What the task asks:
Repeat the entries without change, omitting the pictures.

Supplied material:
====================

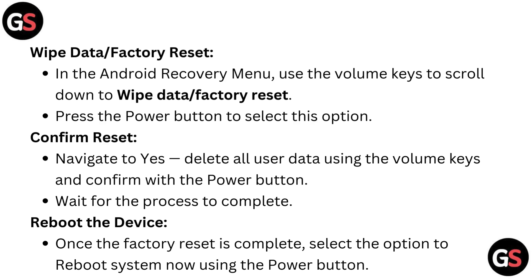Confirm reset. Navigate to yes — delete all user data — using the volume keys and confirm with the power button. Wait for the process to complete.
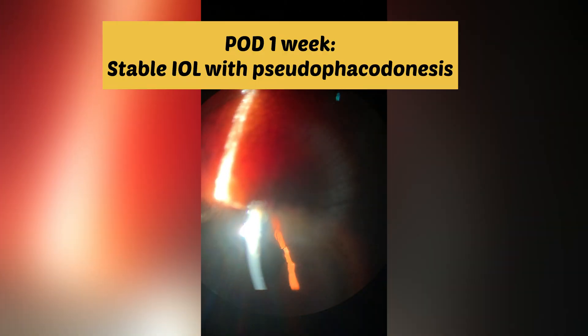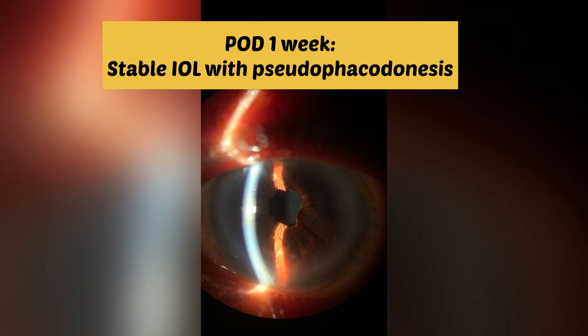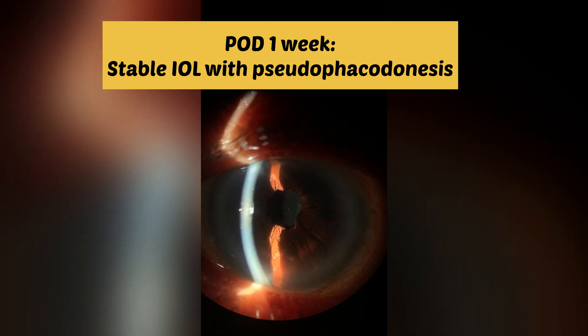All's well that ends well. This is the one-week post-op — IOL well centered, near round pupil with mild phacodonesis. Thank you for watching.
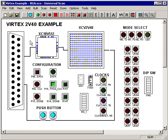In this Virtex 2 example, we have a Xilinx 18V512 PROM in a 44-pin VQ package, and we have a 2V40 FPGA in a 256-pin BGA package.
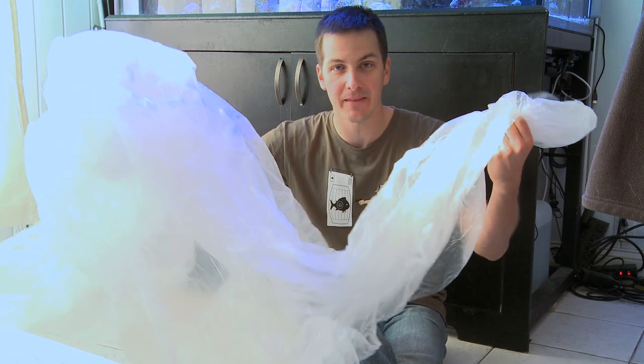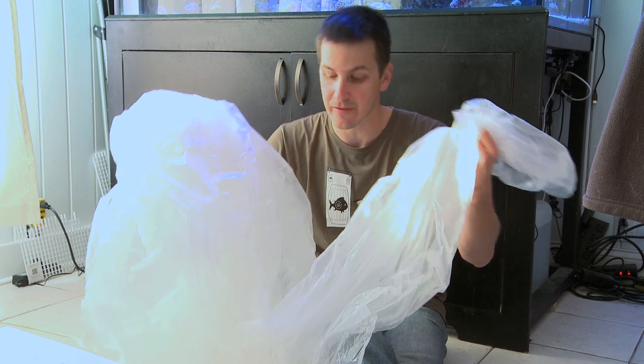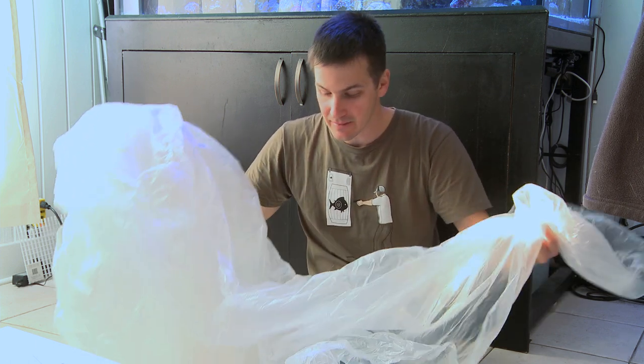Grab yourself a drop cloth and put it underneath the area that you're going to be working around your tank. That way, if any water, corals, or any other foreign matters fall onto the drop cloth from your tank, easily wrap it all up, take it outside, dump it out.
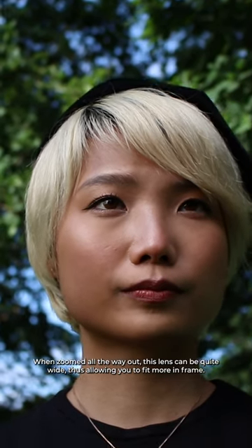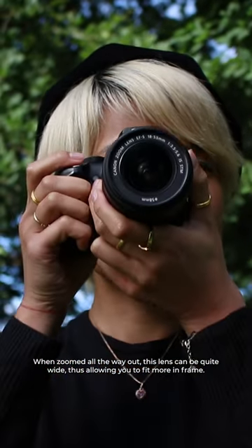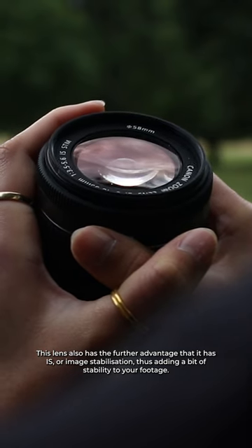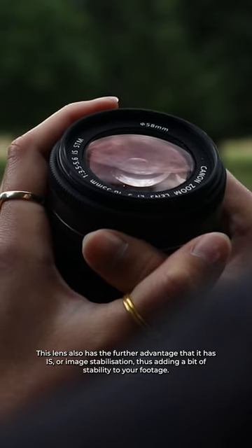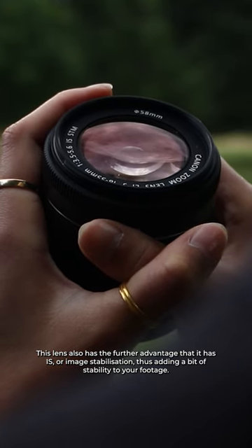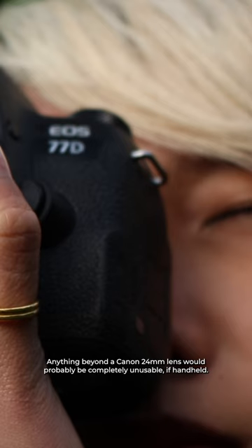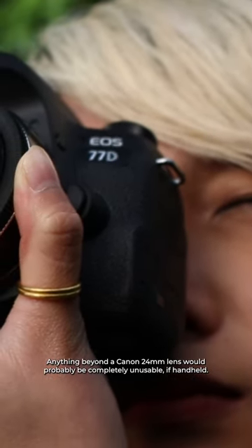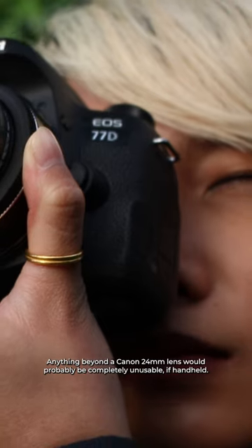When zoomed all the way out, this lens can be quite wide, thus allowing you to fit more in frame. This lens also has the further advantage that it has IS, or image stabilization, thus adding a bit of stability to your footage. Anything beyond the Canon 24mm lens would probably be completely unusable if handheld.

====================

Finished exercise:
Confirm reset. Navigate to yes — delete all user data — using the volume keys and confirm with the power button. Wait for the process to complete.
All's well that ends well. This is the one-week post-op — IOL well centered, near round pupil with mild phacodonesis. Thank you for watching.
In this Virtex 2 example, we have a Xilinx 18V512 PROM in a 44-pin VQ package, and we have a 2V40 FPGA in a 256-pin BGA package.
Grab yourself a drop cloth and put it underneath the area that you're going to be working around your tank. That way, if any water, corals, or any other foreign matters fall onto the drop cloth from your tank, easily wrap it all up, take it outside, dump it out.
When zoomed all the way out, this lens can be quite wide, thus allowing you to fit more in frame. This lens also has the further advantage that it has IS, or image stabilization, thus adding a bit of stability to your footage. Anything beyond the Canon 24mm lens would probably be completely unusable if handheld.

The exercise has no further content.